[
https://issues.apache.org/jira/browse/HADOOP-19737?page=com.atlassian.jira.plugin.system.issuetabpanels:comment-tabpanel&focusedCommentId=18040763#comment-18040763
]
ASF GitHub Bot commented on HADOOP-19737:
-----------------------------------------
bhattmanish98 commented on code in PR #8056:
URL: https://github.com/apache/hadoop/pull/8056#discussion_r2558633843
##########
hadoop-tools/hadoop-azure/src/main/java/org/apache/hadoop/fs/azurebfs/constants/FileSystemConfigurations.java:
##########
@@ -389,6 +384,12 @@ public final class FileSystemConfigurations {
*/
public static final int DEFAULT_WRITE_HIGH_TIER_MEMORY_MULTIPLIER = 16;
+ /** Percentage threshold of heap usage at which memory pressure is
considered high. */
+ public static final int DEFAULT_WRITE_HIGH_MEMORY_USAGE_THRESHOLD_PERCENTAGE
= 60;
Review Comment:
Since we have used PERCENT in the FileSystemConfiguration
FS_AZURE_WRITE_HIGH_MEMORY_USAGE_THRESHOLD_PERCENT, should be better to rename
this to DEFAULT_WRITE_HIGH_MEMORY_USAGE_THRESHOLD_PERCENT
##########
hadoop-tools/hadoop-azure/src/main/java/org/apache/hadoop/fs/azurebfs/constants/FileSystemConfigurations.java:
##########
@@ -389,6 +384,12 @@ public final class FileSystemConfigurations {
*/
public static final int DEFAULT_WRITE_HIGH_TIER_MEMORY_MULTIPLIER = 16;
+ /** Percentage threshold of heap usage at which memory pressure is
considered high. */
+ public static final int DEFAULT_WRITE_HIGH_MEMORY_USAGE_THRESHOLD_PERCENTAGE
= 60;
+
+ /** Percentage threshold of heap usage at which memory pressure is
considered low. */
+ public static final int DEFAULT_WRITE_LOW_MEMORY_USAGE_THRESHOLD_PERCENTAGE
= 30;
Review Comment:
same as above
##########
hadoop-tools/hadoop-azure/src/main/java/org/apache/hadoop/fs/azurebfs/services/AbfsDfsClient.java:
##########
@@ -1080,7 +1080,12 @@ public AbfsRestOperation read(final String path,
String sasTokenForReuse = appendSASTokenToQuery(path,
SASTokenProvider.READ_OPERATION,
abfsUriQueryBuilder, cachedSasToken);
-
+ // Retrieve the read thread pool metrics from the ABFS counters.

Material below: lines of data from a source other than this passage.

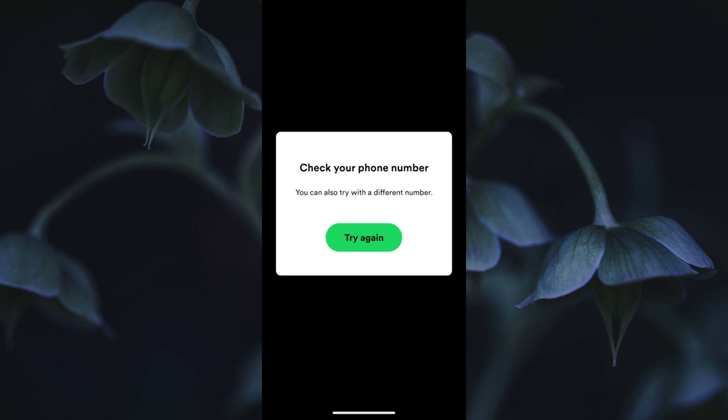Hello guys, welcome back. In this video I'm going to show you how to fix a Spotify login error with phone number. If you want to log in to your Spotify app with your phone number and are facing this type of issue, check your phone number — you can also try with a different number. Let's start without wasting any time.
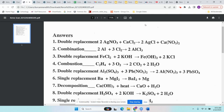Number four is combustion: C2H4 is the hydrocarbon and O2 is the oxygen. Number five is double replacement again — two compounds: Al2(SO4)3 and Pb(NO3)2. Number six is single replacement: Ba is the single element and MgI2 is the compound — one single thing and one compound.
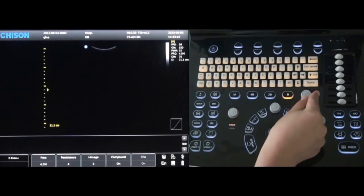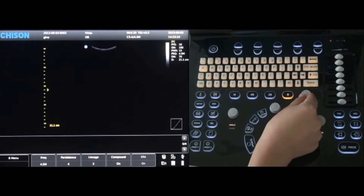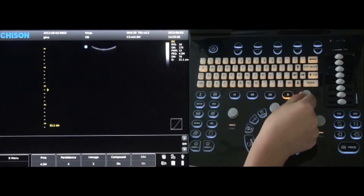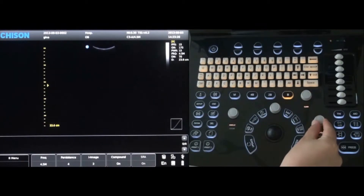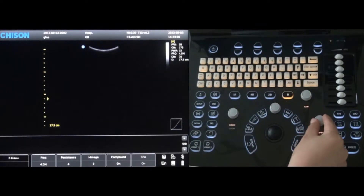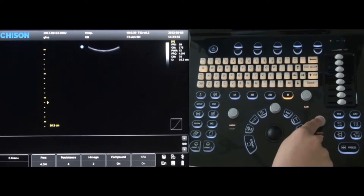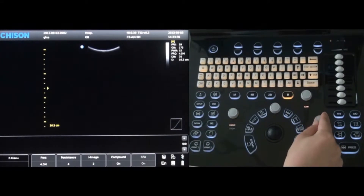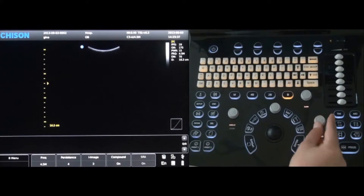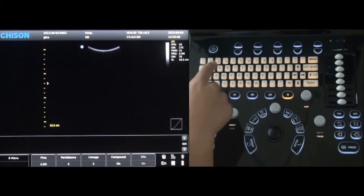To change the gain of the image, rotate the gain control next to the B mode button. The depth can be changed by rotating the depth control below the gain control. To change the focus, simply press the depth control button and it will change to focus control. Rotate the control knob to the desired focus.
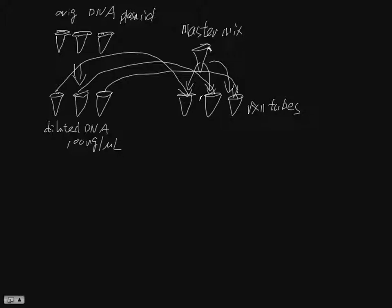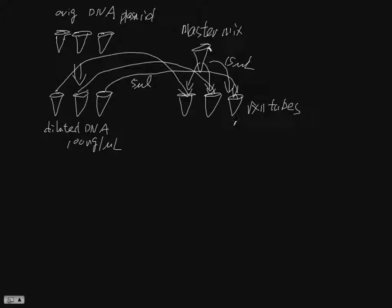So we're going to take five microliters of the DNA, right, and then this is 15 from each diluted plasmid DNA, transfer them into reaction tubes. Okay, so each one of those arrows represents five microliters of diluted DNA.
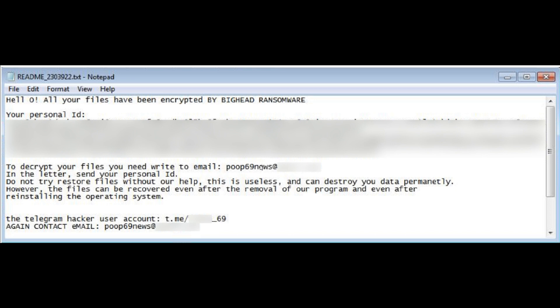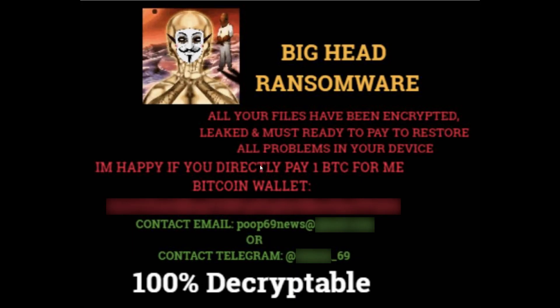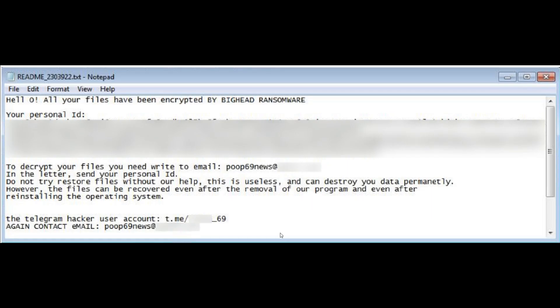Getting back to the BigHead ransomware, that's Variant A. Now looking at Variant B, this screenshot shows Variant B, which is designed to encrypt files on compromised machines using PowerShell. Like Variant A, the ransom note requests that victims contact the attacker using the same email address or Telegram channel. Once again, we see the poop69news email. Once Variant B has run, it also gives you a similar notepad document with seven random digits at the top and a readme note.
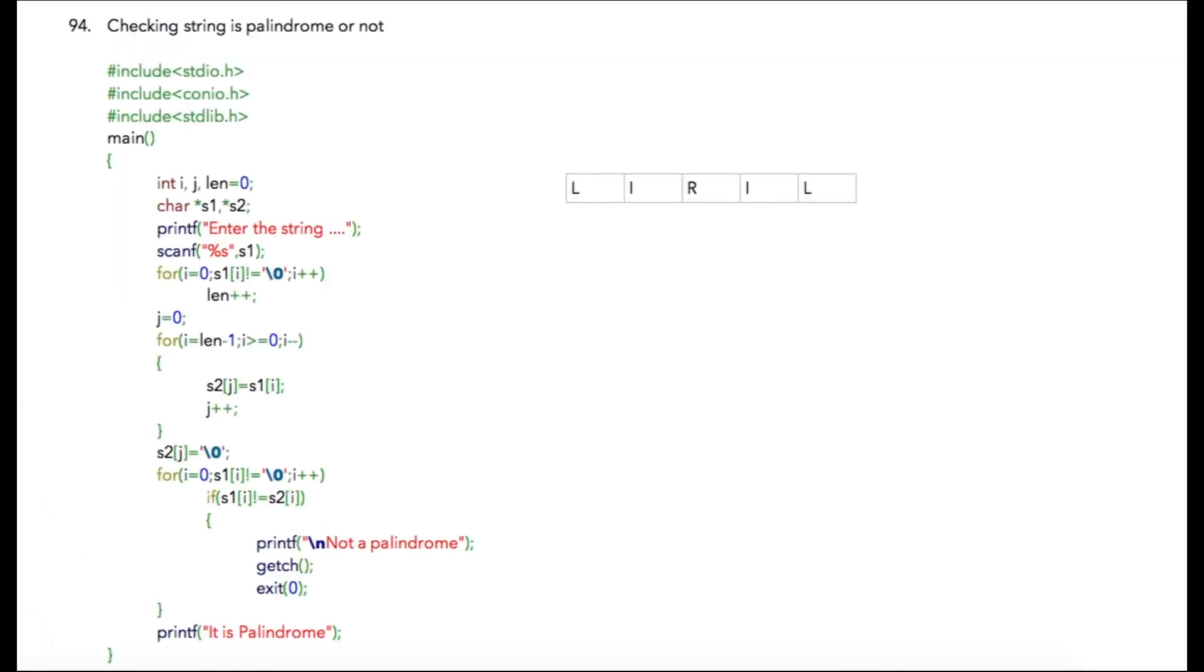In the next lecture, we are going to check whether a given string is a palindrome or not. What is a palindrome? If a given string is 'LITTLE', then the reverse of the string is also 'LITTLE'. These types of strings where the reverse is the same as the actual string are palindromes.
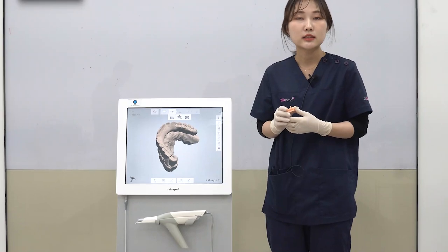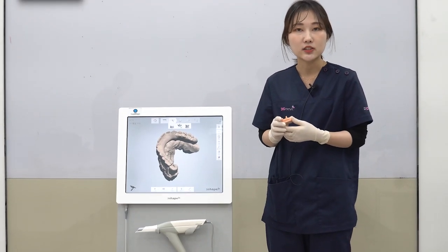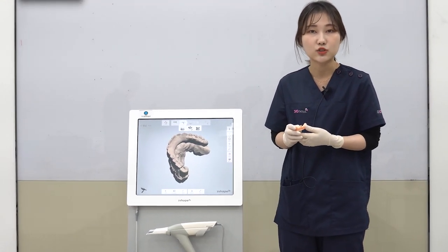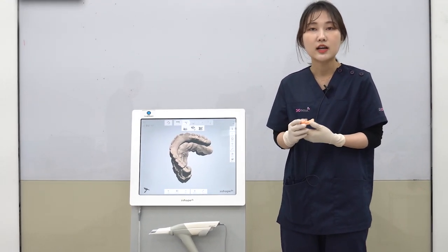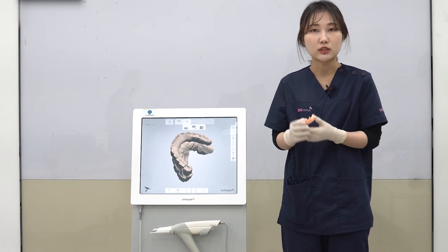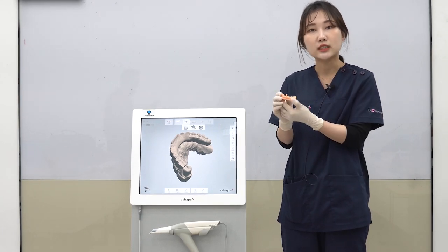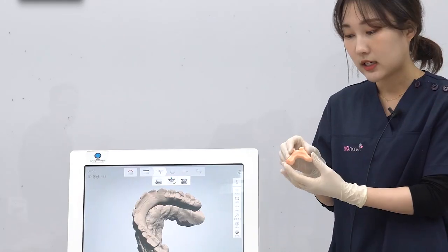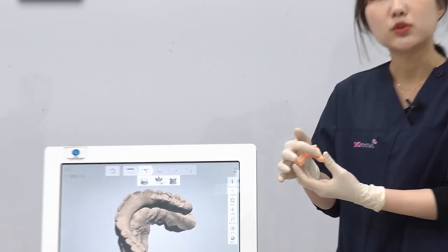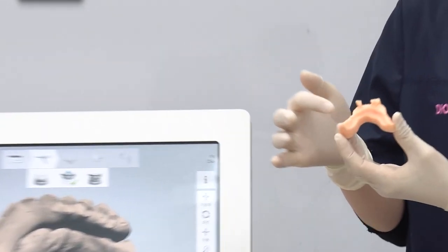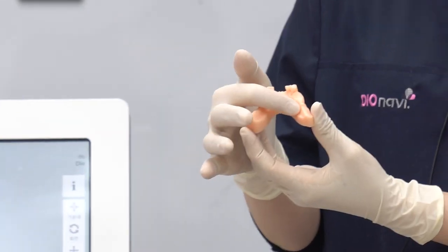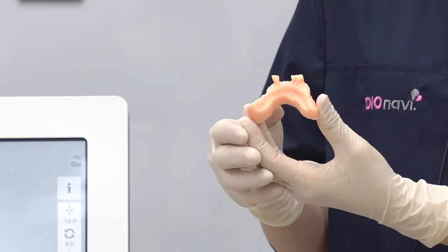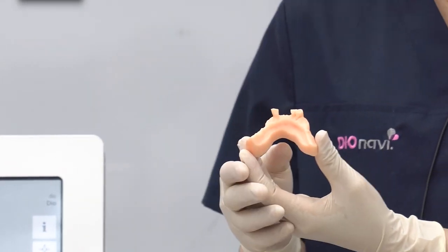Next, I will show you how to scan the area where the implant is going to be placed. Before scanning the implant location, you must attach resin. The criteria for attaching resin is to place resin around the gum area, not where there are teeth.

+ AbfsReadResourceUtilizationMetrics readResourceUtilizationMetrics =
retrieveReadResourceUtilizationMetrics();
Review Comment:
This part of code is common in both DFS and blob client, we can define a
method in abfs client class which will add the metrics to tracing Context and
that method will be called from both the places.
##########
hadoop-tools/hadoop-azure/src/main/java/org/apache/hadoop/fs/azurebfs/enums/AbfsWriteResourceUtilizationMetricsEnum.java:
##########
@@ -0,0 +1,99 @@
+/**
+ * Licensed to the Apache Software Foundation (ASF) under one
+ * or more contributor license agreements. See the NOTICE file
+ * distributed with this work for additional information
+ * regarding copyright ownership. The ASF licenses this file
+ * to you under the Apache License, Version 2.0 (the
+ * "License"); you may not use this file except in compliance
+ * with the License. You may obtain a copy of the License at
+ *
+ * http://www.apache.org/licenses/LICENSE-2.0
+ *
+ * Unless required by applicable law or agreed to in writing, software
+ * distributed under the License is distributed on an "AS IS" BASIS,
+ * WITHOUT WARRANTIES OR CONDITIONS OF ANY KIND, either express or implied.
+ * See the License for the specific language governing permissions and
+ * limitations under the License.
+ */
+
+package org.apache.hadoop.fs.azurebfs.enums;
+
+/**
+ * Enum representing the set of metrics tracked for the ABFS write thread pool.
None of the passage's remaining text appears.